Digital is unlike anything we saw before and marketers who are not  digitally savvy engaged in what Michael Strangelove coined as “Shovelware.”  (Taking all their shit and shoveling it online.) The existing modalities for marketers cannot simply be transposed to digital. At least not easily. You have to strategize for online and rejig your business.

What online allows is for us to connect one-to-one like never before.

You at one end and me at the other. And, anything that gets in the way diminishes and devalues that connection.

Mass media unfortunately, has tried to take over the digital world.  On  SM sites, the celebs from the entertainment world have truly lessened the value of the Social Web and the value of their personal Brands. If you look at a Jon Stewart, or Bill Maher or other TV personalities on SM they have teams of people that post tidbits and tens, if not hundreds of thousands of people (sheep) flock and retweet and “like” and comment on this banality. It is no more real than “Real Housewives.”  It certainly is not what the online world is meant to be.

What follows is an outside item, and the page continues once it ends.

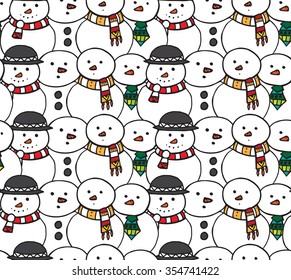 Seamless black and white texture with doodle snowman for your creativity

This leaves the Social Webs in the same state as mass media – except the laugh track is us laughing together at this side show.

We are supposed to engage, we are supposed to interact.oto

The Net and all things digital are for interactivity. The reason the digital age works is that it is not facile, nor static. If a company still insists on putting a brochure online that says volumes on that company’s strategy. We are connecting faster than companies.

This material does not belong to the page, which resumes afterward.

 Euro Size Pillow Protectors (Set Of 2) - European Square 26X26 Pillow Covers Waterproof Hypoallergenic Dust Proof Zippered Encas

I love this quote from the Cluetrain:

Most corporations, on the other hand, only know how to talk in the soothing, humorless monotone of the mission statement, marketing brochure, and your-call-is-important-to-us busy signal. Same old tone, same old lies. No wonder networked markets have no respect for companies unable or unwilling to speak as they do.

But learning to speak in a human voice is not some trick, nor will corporations convince us they are human with lip service about “listening to customers.” They will only sound human when they empower real human beings to speak on their behalf.

I personally believe we do not have to change the corporations. We merely have to change ourselves.

From Rick Levine:

Authenticity, honesty, and personal voice underlie much of what ís successful on the Web.